The town provides an array of leisure activities for visitors. A vibrant arts scene, with institutions like the Wayne Center for the Arts and the Ohio Light Opera, offers an enriching cultural experience. Nature enthusiasts can explore the picturesque Secrest Arboretum, part of OARDC, which boasts more than 2,000 plant species spread across its 120 acres. And of course, no visit to Wooster would be complete without a trip to the Local Roots Market & Café (⭑⭑⭑⭑⭑), a year-round market co-op and gift shop. I picked up some exotic flavors of pretzels (speaking of my Pennsylvania roots). By this time– especially after chasing our newest family member, Churro, around the dog park, and making sure he didn’t escape through one gap in the fence- I was beat and ready for yet another cup of coffee, this time at Boo Bear’s Brew (⭑⭑⭑⭑⭑), connected to Local Roots.
Wait– what is this map- wait a minute, I thought this article was travel writing! What are you–
The Urban Future of Wooster?
Ah! You thought I was going to make it through a whole article without talking about the prospects of higher-density urban development? Reader, please! Ye of little faith!

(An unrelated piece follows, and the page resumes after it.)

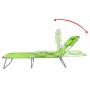 Folding steel sun lounger with apple green head cushion. by , Loungers - Ref: Foro24-41484, Price: 64,15 €, Discount: %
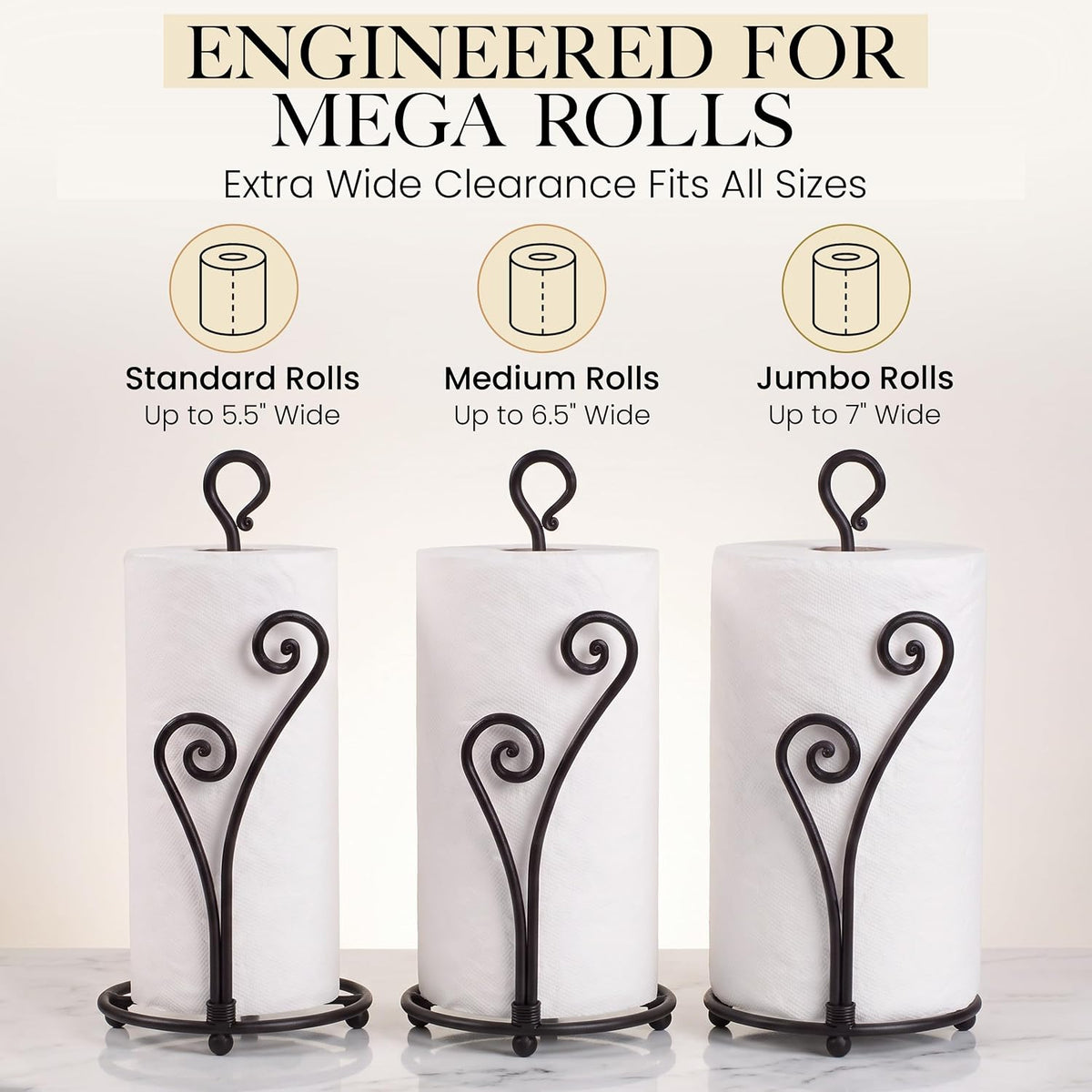 Matte Black Paper Towel Holder Non-Slip Base Countertop – alternate view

Anyway, while Wooster embraces enough of the rolling verdant hill charm that defines the topography and urban typologies of this region to avoid being blanketed exclusively in parking lots (there is no economic logic behind this, but there are a lot of parts of this Ohio that are just gorgeous and I really think it’s a product of people developing strip malls in the flatlands as an alternative where land is much cheaper), it’s got a ways to go.
Most of the parking downtown I encountered was free parking. This means a few things. First, it means that the land use isn’t remotely optimized. Second, it means that the city is subsidizing free parking. And third, importantly, it means that some bozo is eventually going to throw a hissy fit when demand increases to the point that the city fathers begin to consider that we might want to start charging for parking. They should do this now, obviously, but they should also focus on converting the ample parkingscape in the town to– wait for it- buildings.
Personally, I would love to live in a town like Wooster. But the things that are going to make places like Wooster vibrant, interesting, and prosperous for years to come are the things that these towns have, by and large, ignored, not for any other reason than because low real estate prices doesn’t exactly drive aggressive (or progressive) densification. But as I always say, people are going to build– the question is whether you want them to build out (sprawl) or up (cities). The first option creates externalities in the form of traffic and higher infrastructure costs. The latter relies on infrastructure that already exists, and it creates new businesses, new demand for products, new labor, and, overall, builds a more sustainable city. Cities like this can modernize their development paradigm and still maintain the good vibes of small town America. But they cannot afford to stand still, especially against the tidal forces of suburbanization that continue to challenge downtown growth.